Clement initially joked that “NYU doesn’t have much of a campus,” prompting Kagan to suggest he “go back to New York. I think you’ll find that’s wrong.”

“The point I’m trying to make, though,” he said, but Kagan cut him off. She asked if he was arguing that a state couldn’t say, “We’ve got 50,000 people gathering in one place — a ballpark — with people all on top of each other. … That we don’t want guns there … a state or a city couldn’t do that?”

Clement said in the case of a venue like Yankee Stadium, they might be able to, because you can’t get into Yankee Stadium without a ticket.

“Of course, I’d have to understand the specific jurisdiction. A lot of these stadiums are not run by the government anyway. So if a private entity wants to restrict access, I don’t know where the state action is?” Clement said.

“Suppose the state says no guns at protests or at an event attended by more than 10,000 people?” Kagan asked.

“I think that might be trickier,” Clement said. “Maybe they could justify it under strict scrutiny, but I don’t think that would qualify as a sensitive place restriction.”

“But why not,” Justice Amy Coney Barrett asked. “I mean, if you concede the historical record requires states to outlaw guns in sensitive places, can’t we just say Times Square on New Year’s Eve is a sensitive place because we’ve seen people gathered on top of each other and we’ve had experience with violence?” 

“Here’s what I would suggest,” Clement said. “That the right way to think about limiting guns in Times Square on New Year’s Eve is not as a sensitive place but as a time, place, and manner restriction. And that might be a perfectly reasonable time, place, and manner restriction.”

Throughout the oral argument, the court’s liberals appeared willing to allow the state law to remain in place, especially focusing on differences between rural areas, like those the petitioners live in, and the state’s far more densely populated cities and suburbs. 

But members of the court’s current conservative majority were far more skeptical of the law and its intent.

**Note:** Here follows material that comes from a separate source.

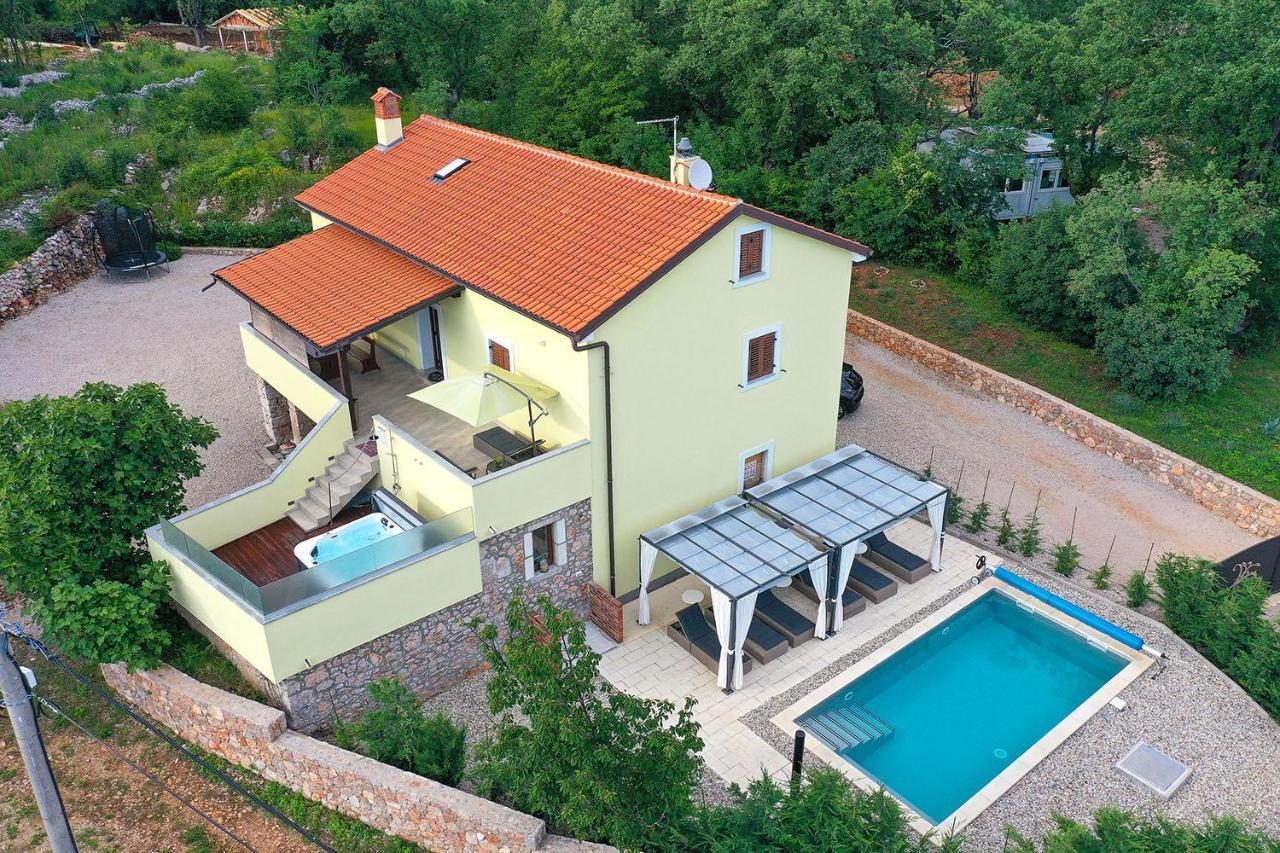 Holiday House Tos-Vila With Heated Pool Vrbnik Exterior photo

“Why isn’t it good enough to say ‘I live in a violent area and I want to defend myself?'” Justice Brett Kavanaugh asked at one point.

And Justice Samuel Alito wondered why only “celebrities, state judges and retired police officers” should be able to carry concealed guns, and not ordinary citizens.”

Alito said there already are people illegally carrying guns on subways and streets. 

“But the ordinary hard-working, law-abiding people … they can’t be armed?” Alito asked.

New York says if the Supreme Court sides with the challengers to the law it would have “devastating consequences for public safety.” The Biden administration agrees.

The court hasn’t heard a Second Amendment case since it established an individual right to own guns in 2008 by a 5 to 4 vote in District of Columbia v. Heller.

That case, however, addressed only the right to keep firearms in the home for self-defense.

At the same time, even Heller indicated that many kinds of gun regulations are permissible.

“Nothing in our opinion should be taken to cast doubt on longstanding prohibitions on the possession of firearms by felons and the mentally ill, or laws forbidding the carrying of firearms in sensitive places such as schools and government buildings, or laws imposing conditions and qualifications on the commercial sale of arms,” the late Justice Antonin Scalia wrote for the majority.

The court’s only other Second Amendment case since then, McDonald v. Chicago in 2010, extended the Heller decision, which concerned federal gun laws, to state and local ones.